Return the line that has "Fat man choise" and all lines below it through the last, exactly as they stand; omit pictures.

-=-=-

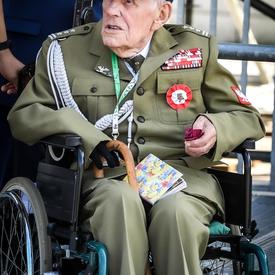 A photo of a Polish veteran in a wheelchair at the commemorative ceremony.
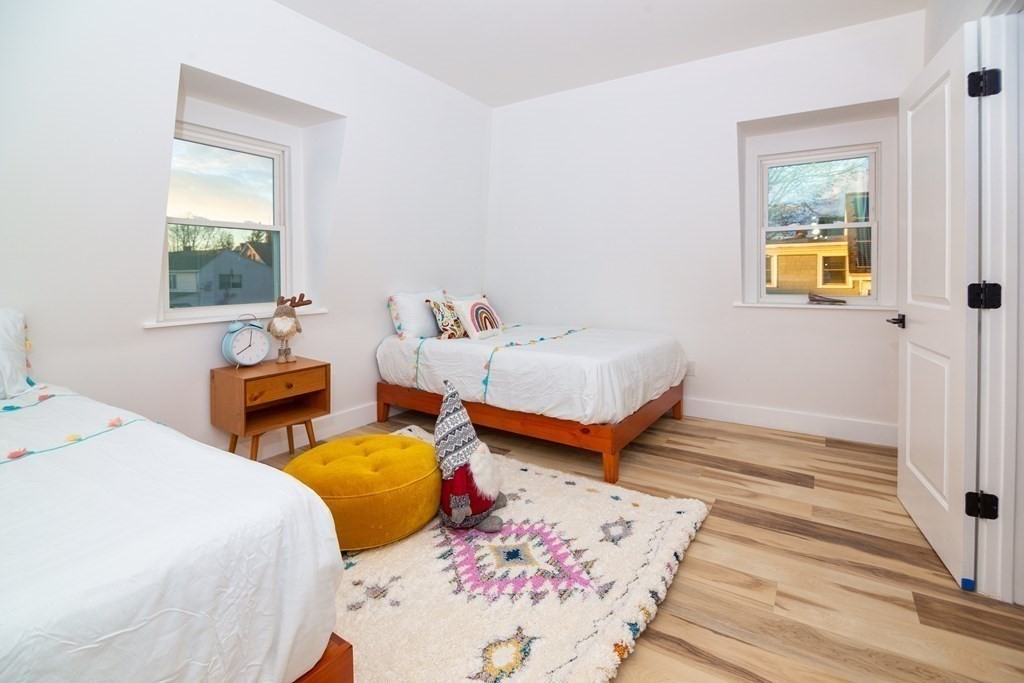 84 Dudley Street Medford, MA 02155 - Photo 22 of 27 a bedroom with 2 bed and a window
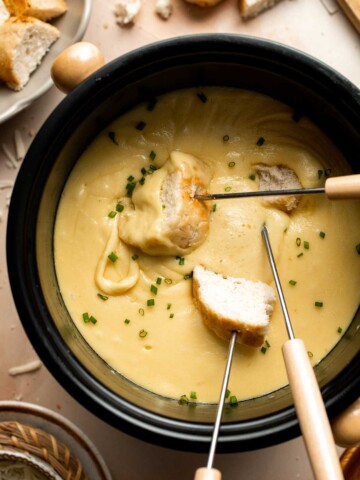 This Swiss Cheese Fondue with warm, melty cheese is a classic. Serve it as a quick and easy appetizer or dinner with bread, potatoes, and more. | aheadofthyme.com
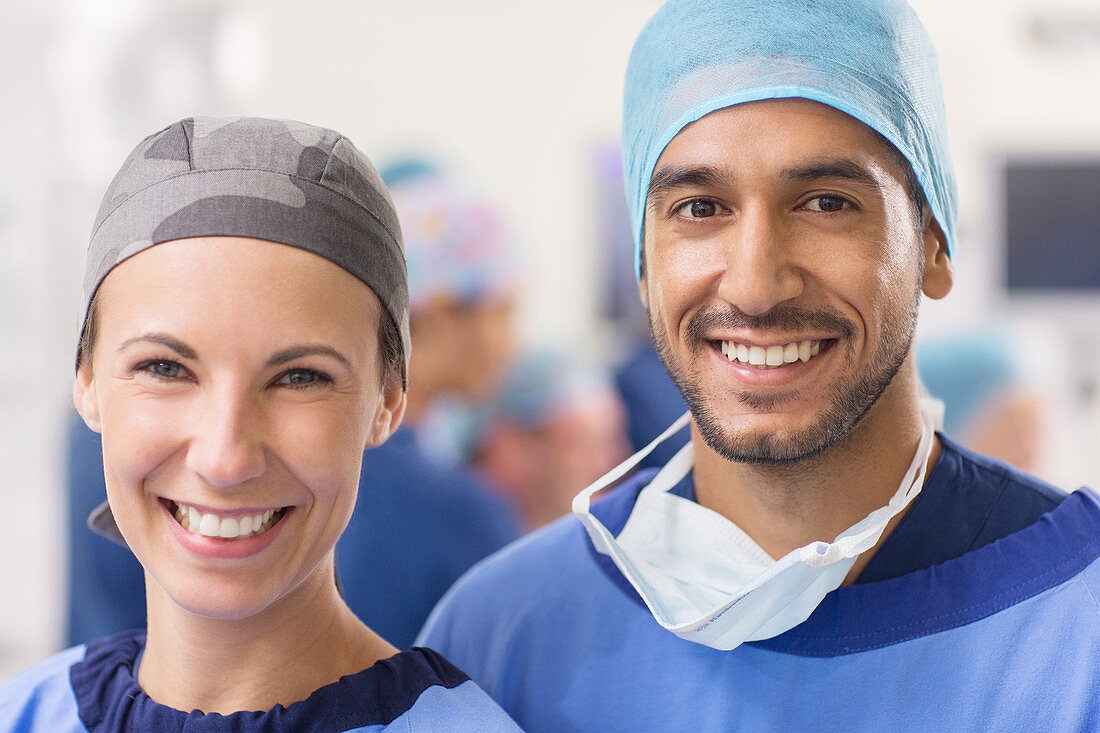 Smiling doctors wearing surgical caps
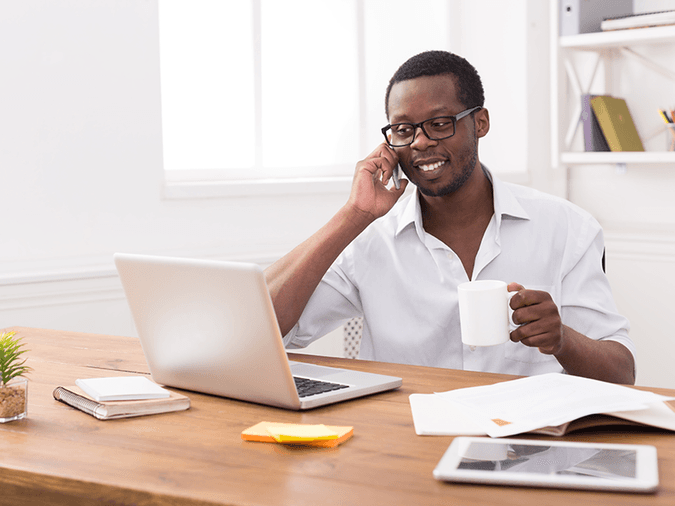 A man at his desk on the phone in front of his laptop at home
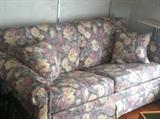 A couch that is just perfect for your sunroom, living room or enclosed porch.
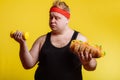 Fat man choise between sport and fastfood Royalty Free Stock Photo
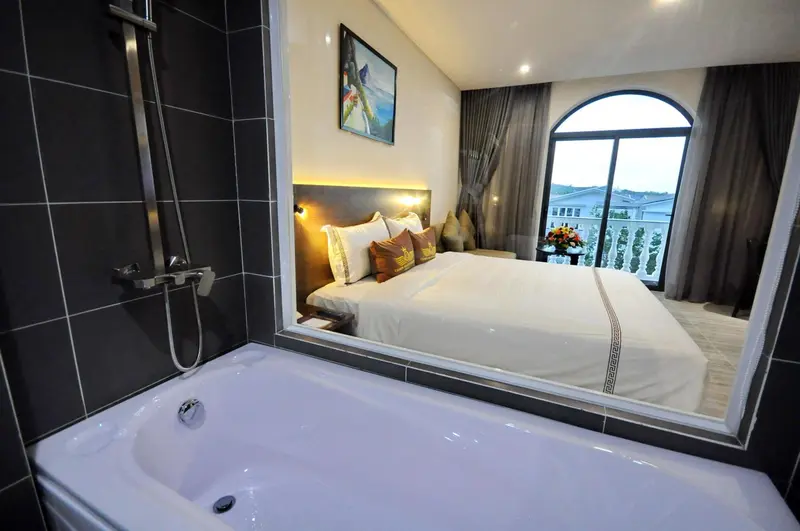 Une chambre lumineuse avec un grand lit et une baignoire.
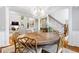 Elegant dining room with hardwood floors, designer chandelier, and an open view to the living room at 220 Foxley Way, Roswell, GA 30075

-=-=-

YOUR RESPONSE:
 Fat man choise between sport and fastfood Royalty Free Stock Photo
 Une chambre lumineuse avec un grand lit et une baignoire.
 Elegant dining room with hardwood floors, designer chandelier, and an open view to the living room at 220 Foxley Way, Roswell, GA 30075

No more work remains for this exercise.